ISP Tech Talk

USENET NEWS SERVERS - THE SIMPLE VERSION

In the beginning there was mail. And simplicity was upon the face of the UUCP network. And then the net.wizards created mailing lists. And they were good. And useful. But many sysadmins thought that it was wasteful to store copies of the same message in lots of user mailboxes, so the net.wizards created Usenet news - tens, then hundreds, then thousands, then tens of thousands of discussion groups that magically propagate from box to box, being fruitful filling the partitions of the disk. And the net.wizards saw that it was good. Until May of 1997, when 50 percent of the news volume became either spam or cancels of spam.

SOME EXPLANATION

News was originally transmitted in "batches," along with e-mail, hopping from box to box using the UUCP protocol. Most of the boxes were UNIX machines of various sorts, running at universities or larger companies, and the UUCP transfers took place late at night when the calls were cheapest. In those days, "Net Access" meant "access to Usenet news and to e-mail" and propagation cross-country and back could take 3 to 5 days (or more). UUCP is still used as a "transport" mechanism for news (and for e-mail), but most of the news and e-mail traffic has long since migrated to that global TCP/IP network called "the Internet." You may have heard of it. . .

DEFINITIONS

"News Transfer" is the process of moving the actual news articles around (articles that have already been "injected" into the Usenet news network). This is now usually done via the NNTP (Network News Transfer Protocol), which runs on top of TCP/IP.

"News Reading" is the process of querying a machine's stored database of news articles and groups - and also of "posting" news. News posting refers to the original place that a given article is injected into the news system.

When an article is posted (not transferred), it is given a globally-unique message ID which identifies the article as it passes from system to system.

HOW NEWS IS PASSED AROUND

Since the beginning of Usenet, the idea was to avoid having one or more key central sites, without which the system would fall apart. So the system was designed for minimal intelligence and maximal redundancy.

In general, every news server peers with at least one other news server, and automatically offers any article received to all of its news peers (except the peer it heard the article from). So if you have one news peer, you'll offer back only articles locally originated - but if you have two news peers, you'll offer to each peer your own local articles and those articles learned from the other peer.

And if you have 10 news peers and one of them is much faster than another, you'll offer hundreds of thousands of articles a day to each of the other eight or nine peers. Actually, I'm lying a bit, here. You do have the ability to restrict which articles you send to which peers - you don't have to offer everyone a "full feed."

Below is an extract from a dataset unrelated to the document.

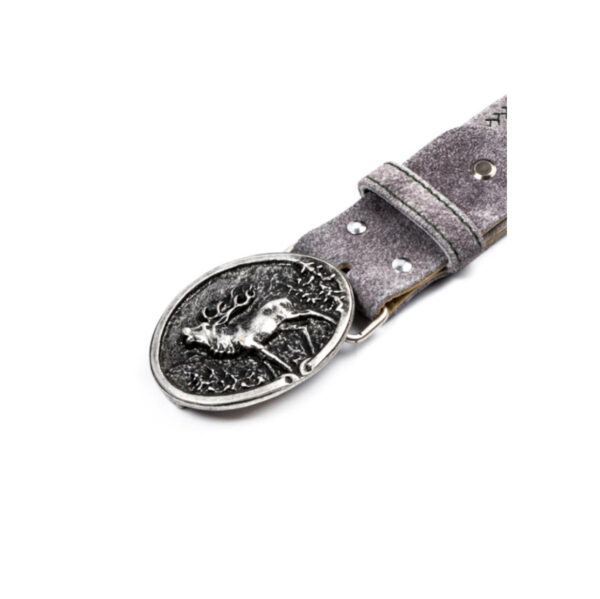 Fibbia Ovale in Argento Antico con Rilievo Cervo in Bramito - immagine 2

NEWS PEERING - WHO'S THE CUSTOMER?

With the Usenet system, it's hard to tell who's the downstream or customer end of a news peering session (vs. who's the upstream or provider end). Everyone peers with everyone else and may the fastest box win.

NEWS STORAGE

The actual news articles are stored in the UNIX file system, and each newsgroup has a directory. So alt.binaries is the /news/alt/binaries directory, and article 5 in alt.binaries is found at /news/alt/binaries/5 . alt.binaries.really.really.sticky is found at /news/alt/binaries/really/really/.sticky, etc...

Each system has a history database which keeps track of the news articles that have already been seen by the news system. These articles may currently exist on-disk; they may be older articles that at one point were on-disk but are now expired; or they may be articles that were not in a newsgroup carried by the system.

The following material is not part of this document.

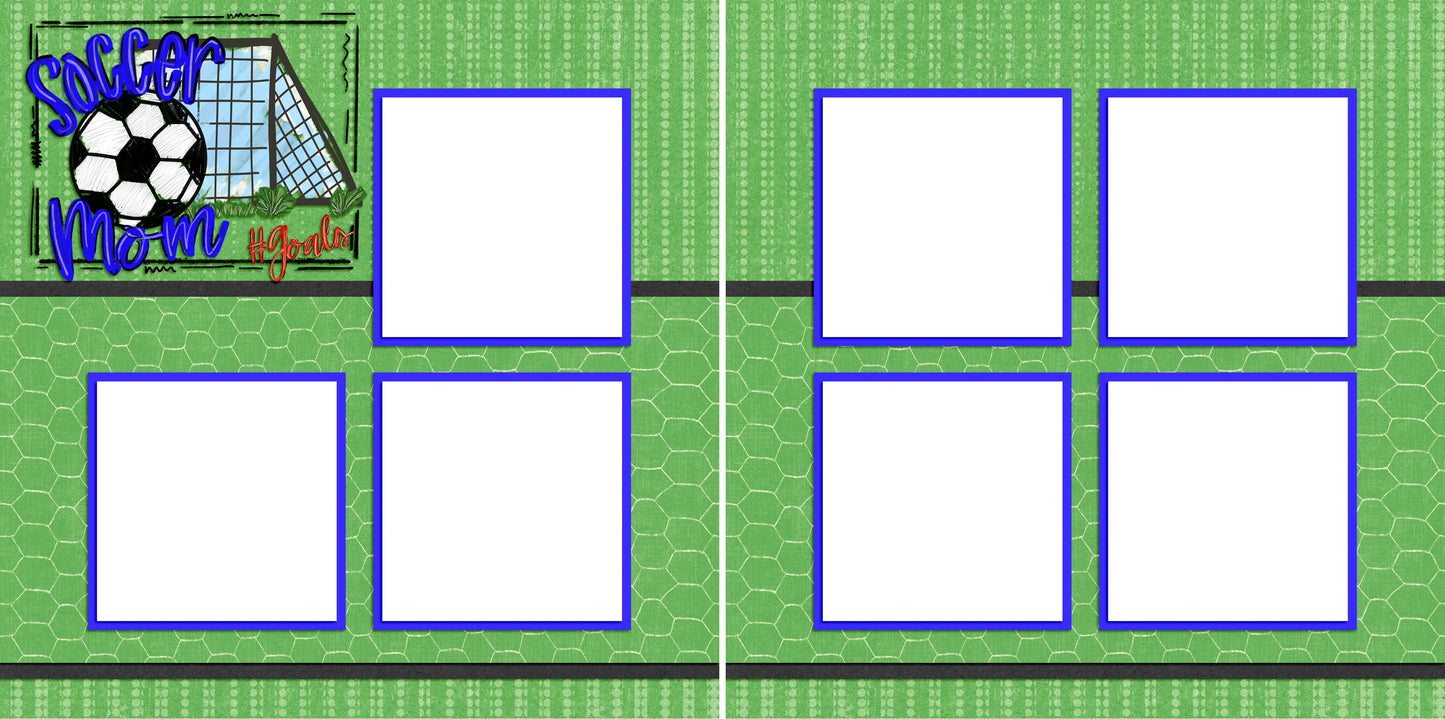 Soccer Mom - Digital Scrapbook Pages - INSTANT DOWNLOAD - EZscrapbooks Scrapbook Layouts soccer, Sports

Even if an article is not to be stored and kept around on a given news server, its message ID should be noted in the history database, so you waste the bandwidth and CPU time to retrieve the article again and then have to make the same "not interested" determination. A point about news: Yes, it's true. Unless you tell your news peers "don't send me alt.some.new.group.that.someone.created," you must first get an article that has that group listed before you can decide to toss it. This means that you can waste tons and tons of bandwidth and CPU time getting binaries articles that you're never going to store.

NEWS SYSTEM ARCHITECTURE

There's a single process, the inn "daemon" - called innd - that lives off in the background and handles all news-connection requests and all of the news feeding tasks. Any host wanting to talk to the innd and transfer news has to be listed in the hosts.nntp file. Any other host is handed off by innd to an nnrpd (Network News Reading Protocol Daemon, a subset of NNTP). If that host is listed in the nnrp.access file, the nnrpd will talk to it and let it read news - otherwise it'll deny it access. Each nnrpd handles only one news reader at a time, while the innd process handles many (potentially hundreds) of simultaneous news transfer sessions.

THE MOST IMPORTANT FILE

The most important file in the news system is the "active file." This is a list of every newsgroup the system will carry; the minimum and maximum article numbers currently on-disk in that newsgroup; and whether or not the group is moderated.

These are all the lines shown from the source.